Reset the cache (cache = None) before the context grows to roughly 2× the training sequence length to avoid quality degradation.


Tips

Gradient clipping. Use clip_grad_norm_(model.parameters(), 1.0) — transformer models are sensitive to large gradient spikes early in training.

Polyak rate. tau=0.005 is a reasonable default. Higher values (tau=0.01) update the target faster; lower values (tau=0.001) give a more stable bootstrap target.

Reward normalisation. Enable normalize_reward_mean=True and/or normalize_reward_std=True in DqnLossConfig / VecDqnLossConfig when rewards vary widely across episodes. Normalisation is applied per sequence row inside the loss.
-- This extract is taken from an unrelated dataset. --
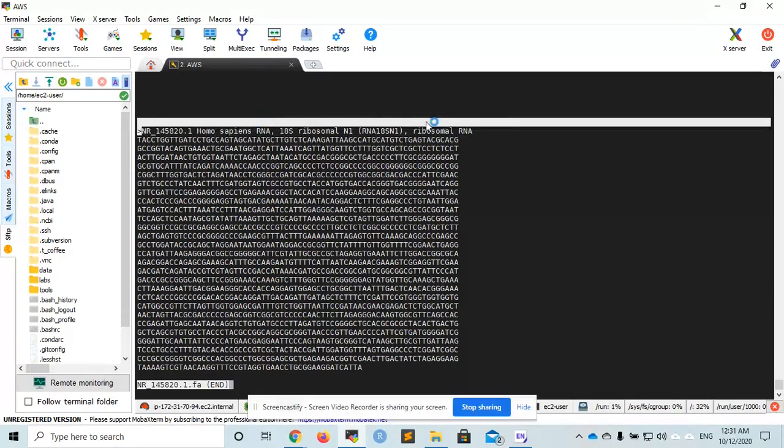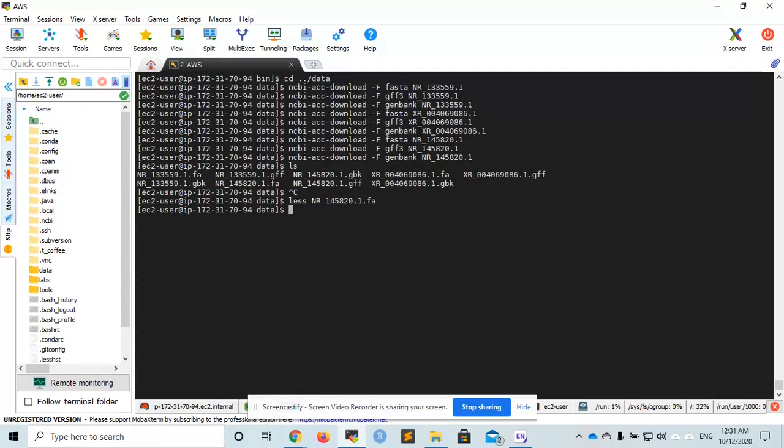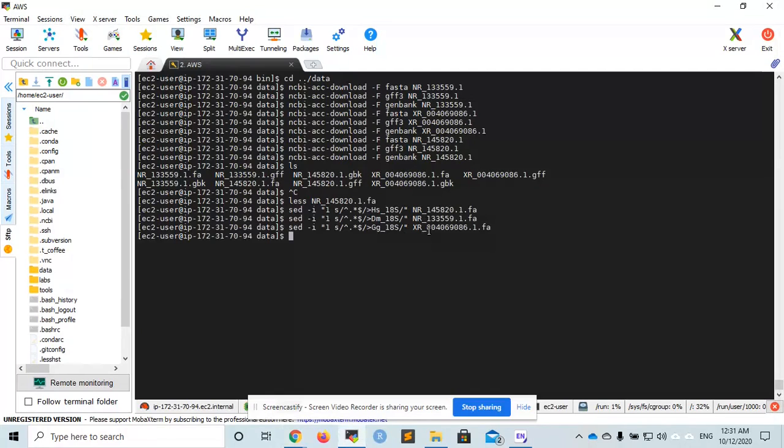Now, if we open the FASTA sequences, we will see this header. We can rename that so that we have only the name Homo sapiens. To do so, I will use the command sed. You can read more about this online.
Mixed precision. MOUSE models are compatible with torch.autocast:

with torch.autocast(device_type="cuda", dtype=torch.bfloat16):
    out, _ = model(step_stream)

Sequence length. Keep sequence_length close to the value the model was trained with. Too-short sequences under-utilise the context; too-long sequences are out-of-distribution for the positional encodings.

xformed_reward. If your dataset includes a pre-computed transformed reward (e.g. clipped or log-scaled), set use_xformed_reward=True in DqnLossConfig to use xformed_reward instead of reward as the TD signal. The raw reward field is still available for logging.